2. Do: pay off or consolidate your debt
It’s not just your immediate bills (rent, utilities, phone) that you need to think about, but the money that could be piling up behind the scenes, too. If you have debt from overdraft fees, high-interest credit cards or other forms of loans, paying off more than just the interest will do your future self a favor. The longer you put off paying off debt, the higher the interest owed on the money will be. If you have debt owed in several places, consider paying it off with one, lower-rate loan which could save your time, reduce stress, and most importantly, save you money through a lower total repayment.

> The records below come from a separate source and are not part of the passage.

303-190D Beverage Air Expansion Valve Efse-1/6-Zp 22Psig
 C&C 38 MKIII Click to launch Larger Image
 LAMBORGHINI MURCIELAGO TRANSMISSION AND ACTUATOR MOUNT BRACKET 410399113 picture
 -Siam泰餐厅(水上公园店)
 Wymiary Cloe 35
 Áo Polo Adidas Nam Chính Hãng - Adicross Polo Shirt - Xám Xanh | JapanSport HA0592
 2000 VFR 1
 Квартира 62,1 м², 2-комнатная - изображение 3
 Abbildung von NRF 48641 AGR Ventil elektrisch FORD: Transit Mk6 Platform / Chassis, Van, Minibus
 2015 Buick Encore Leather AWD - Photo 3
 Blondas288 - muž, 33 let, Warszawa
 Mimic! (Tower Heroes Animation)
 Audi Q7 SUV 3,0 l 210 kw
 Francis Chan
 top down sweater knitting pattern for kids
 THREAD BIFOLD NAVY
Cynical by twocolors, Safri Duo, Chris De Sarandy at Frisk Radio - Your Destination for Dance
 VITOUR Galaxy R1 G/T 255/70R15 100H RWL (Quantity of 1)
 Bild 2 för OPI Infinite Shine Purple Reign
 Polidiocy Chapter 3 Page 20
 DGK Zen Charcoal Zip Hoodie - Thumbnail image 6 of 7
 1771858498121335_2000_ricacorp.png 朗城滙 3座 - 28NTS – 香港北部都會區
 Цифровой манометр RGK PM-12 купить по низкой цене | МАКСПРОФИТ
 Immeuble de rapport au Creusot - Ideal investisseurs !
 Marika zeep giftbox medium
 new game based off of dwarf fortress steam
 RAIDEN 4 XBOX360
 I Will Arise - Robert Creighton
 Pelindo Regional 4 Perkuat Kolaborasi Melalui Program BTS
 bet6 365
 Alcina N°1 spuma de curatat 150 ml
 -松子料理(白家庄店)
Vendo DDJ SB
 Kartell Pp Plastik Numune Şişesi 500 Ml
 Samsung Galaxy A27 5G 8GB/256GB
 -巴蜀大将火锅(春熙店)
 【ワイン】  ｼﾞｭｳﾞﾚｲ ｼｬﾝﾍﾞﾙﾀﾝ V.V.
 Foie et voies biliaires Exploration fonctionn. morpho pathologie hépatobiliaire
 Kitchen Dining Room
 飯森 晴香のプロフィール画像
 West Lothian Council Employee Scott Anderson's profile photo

3. Do: build your emergency fund
Saving as much as you can while you can is important, to ensure that you’re ready for whatever life throws your way. Whether you’re just starting out, or already putting aside a small amount, consider saving more. We put together this guide to help you start and build an emergency fund.
Things to avoid doing:
1. Don’t: jump into a mortgage
As interest rates are at historic lows, it’s tempting to borrow as much as you can to fund your dream house.
- If you’re already paying a mortgage – check in with your mortgage broker to see if you can get a better rate but be wary of borrowing a higher amount than you need.
- If you’re just stepping into home ownership for the first time, consult a professional before making a decision. Just like bills, be cautious of being locked into a long-term mortgage that could mean you miss out on more competitive rates in the future.
2. Don’t: put your long-term plans on pause
In the case of a recession it may be likely that you’d find yourself with less disposable income. On the basis that necessities come first, it’s tempting in this situation to not put aside savings and just concentrate on what’s happening now. However, no one knows what the future holds, or how long a recession might last, so the more you can put aside in savings, the better. Even if it’s just a few extra dollars a week in a simple savings account, putting something aside will help. If you’re able, continue contributing to your employer-sponsored retirement savings account. Longer-term saving and investing might have slipped your mind with everything going on right now, but your future self will thank you for remembering.
3. Don’t: make emotional decisions about existing investments
If you have money invested, and you’re feeling anxious as stocks fluctuate, it’s easy to think about cutting your losses and withdrawing everything. Before you do anything ask yourself three questions:
- Why did I invest this money and is that reasoning still valid?
- Do I really need this money to meet an immediate need now?
- Have I spoken to a regulated financial advisor for personal advice?
So, take a deep breath, put aside some time to plan and reflect on your next steps before diving in. There could be tough times ahead, but you’ll feel better once you’ve sat down and thought about what you can do with your resources – if you imagine the worst case scenario and how you would handle it, it may help you to think things through and identify where you need to take action.